The daunting challenge for politicos is reconciling realism to morality. Without ‘Natural Rights’ doctrine, this cannot be done! All the more difficult when your Lord Casterleagh, the man responsible for the creation of Presbyterian ‘Orangemen’ that ran the ‘Troubles’ in the north. I must say, such a reconciliation is far easier when performed from inside a pure ideological grasp of history, one that views ‘stability’ as the final good. But what of the Arab Spring? What of revolutions that seek to ground a regime in natural right? What of the conventions of the majority? What of the rights of the minority? Although Madison and the Americans got much right, how is one to reconcile the achievements of Metternich or Casterleagh outside moral realism. Tricky right!

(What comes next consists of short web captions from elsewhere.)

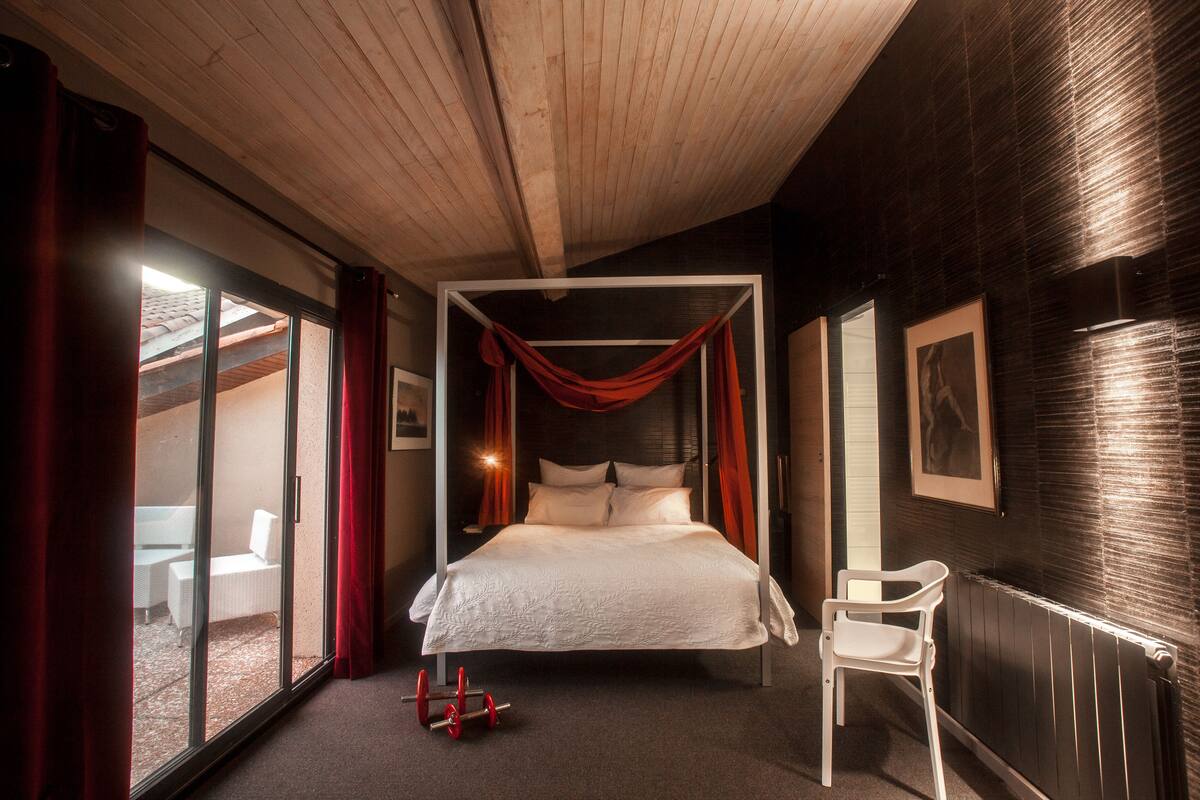 Um quarto com cama, cadeira, janela e radiador.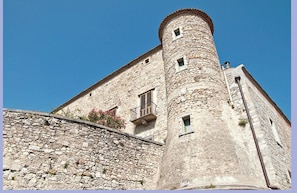 Um edifício de pedra com uma torre e uma varanda.
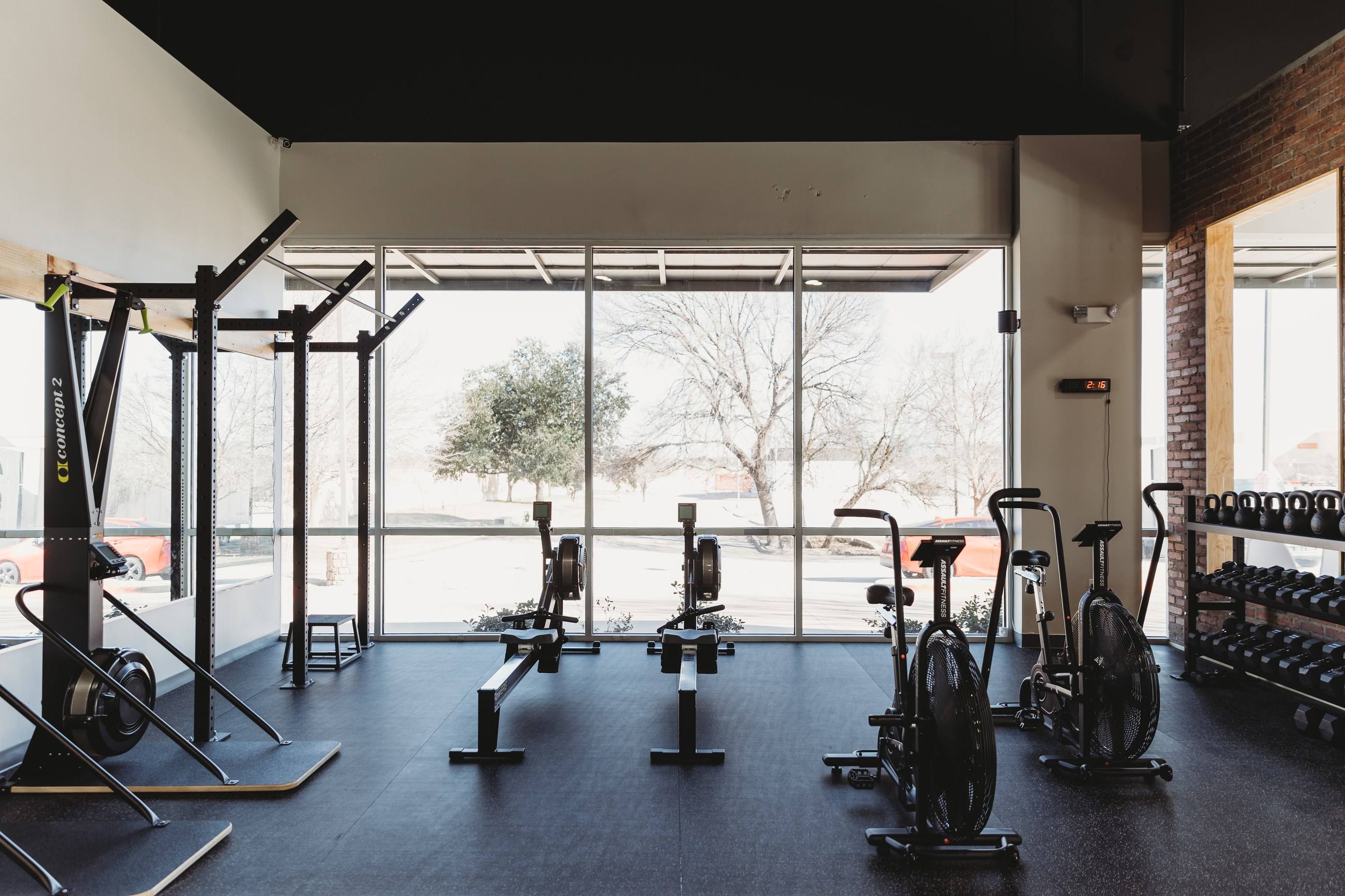 Completed fitness floor with full-height storefront glazing at Kung Fu Academy of North Texas in McKinney, TX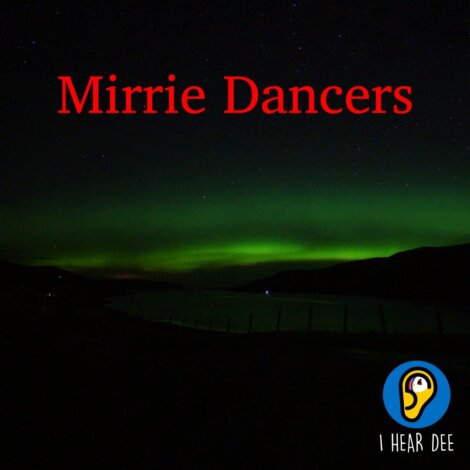 A night sky with a green northern lights display over a dark landscape. The words "Mirrie Dancers" are in red text, and a logo with an owl and the text "I Hear Dee" is at the bottom right.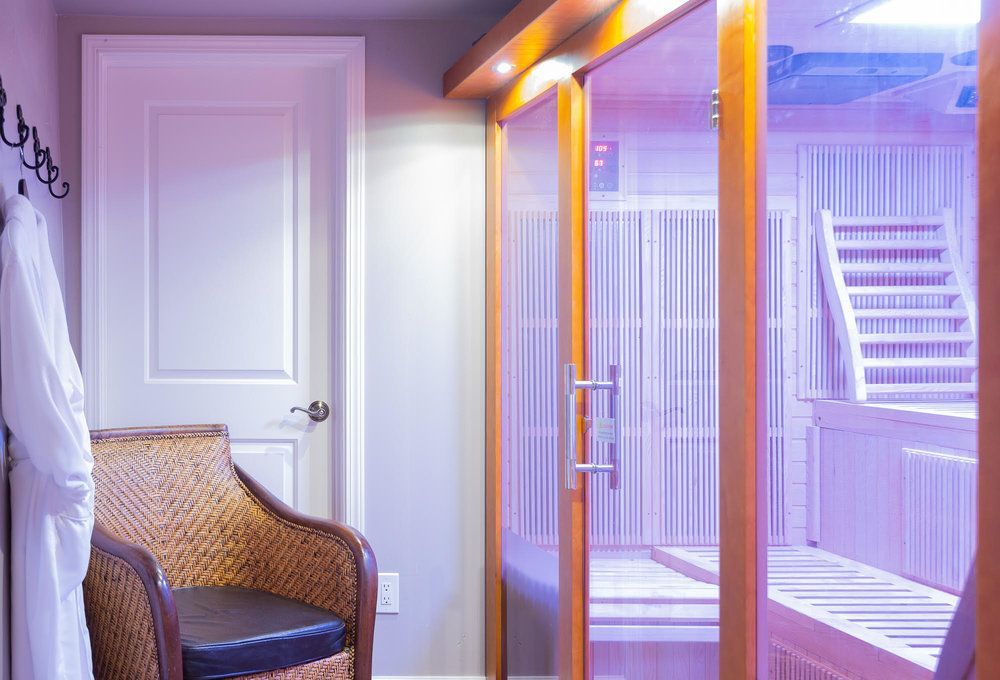 A chair is sitting in a room next to a sauna.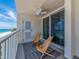 Balcony overlooking a beautiful beach with two lounge chairs; relax and enjoy the scenic view at 20002 Gulf Blvd # 2803, Indian Shores, FL 33785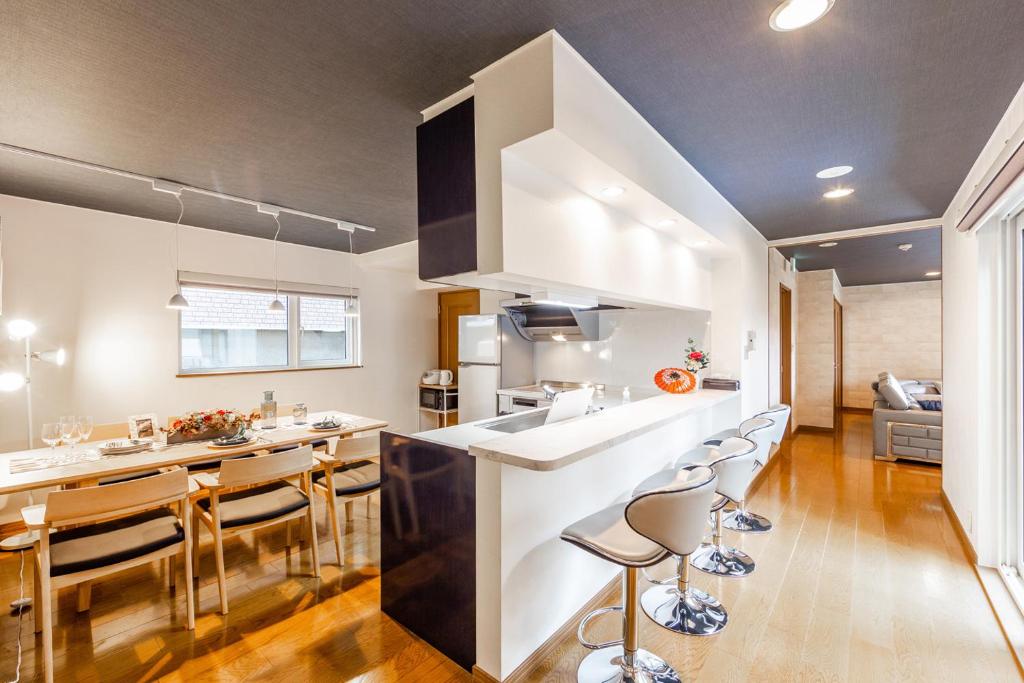 THE WORLDWIDE HOUSE في سابورو: مطبخ مع كونتر وكراسي في غرفة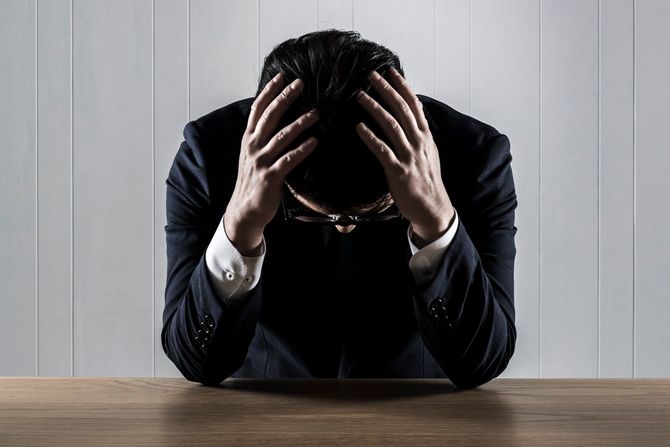 頭を抱えている男性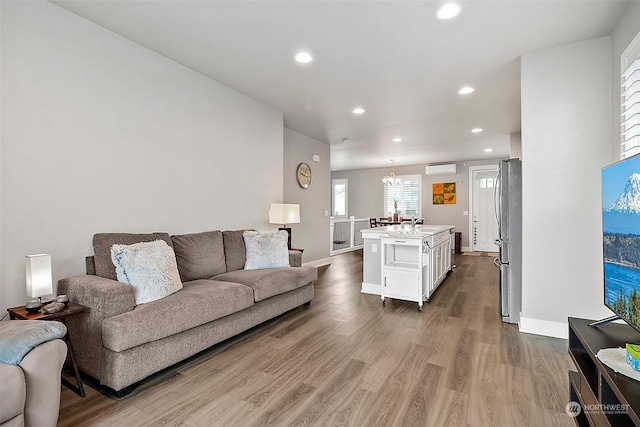 living room featuring hardwood / wood-style flooring and a chandelier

Being an Irish Catholic, I was hard pressed when reading John Bew’s biography of ‘Casterleagh: Enlightenment, War and Tyranny’. I had the same problem when divining, grasping the motivations of those throughout Southeast Asia who admired the impact that became the Truman Doctrine. I suppose you just have to judge policy (not individual behavior) from the contingencies of the time. Fair enough. And what of the need to reconcile? Is understanding enough!
My own education shapes me to move past understanding, to something far more less empirical, yet just as true; an understanding of moral realism from within the necessity of expressed power. Ironically, Lincoln like Lord Acton, both knew this was perilous; might cannot make right! What if ones understanding of right (moral) fortified a policy of violence? Then the act of violence must be in defense of moral norms.
None of this clarifies Casterleagh and his tenure of Northern Ireland. Historians find relief in propping up the necessity that London and its proxies in Ireland should construct a Union as bulwark against Republicanism. True enough. But how to make sense of the genocidal grasp the Orangemen had over the Fenians? Has Ian Paisley the depth of Karol Wojtyla? Is there more to Ulster Unionism than the necessarily constrained view of besieged settlers?
A citation grounded in ‘historicism’ is simply not sufficient.
I’m left believing that Winston Churchill had a far more sophisticated grasp of Casterleagh’s Orangeman than Casterleagh.
I wonder though, can a truly enlightened perspective, a synoptic view of both the limitations of ‘historicism’ and the necessity of realist power be reconciled? They can, if we honor natural right. I have in mind James Joyce.
Presently, the Democratic Unionist Party (DUP) if often portrayed as illiberal and retrogressive, this stands in sharp contrast to the prevailing cosmopolitan outlook that grounded Belfast Unionism. How did such benign enlightenment impact Joyce?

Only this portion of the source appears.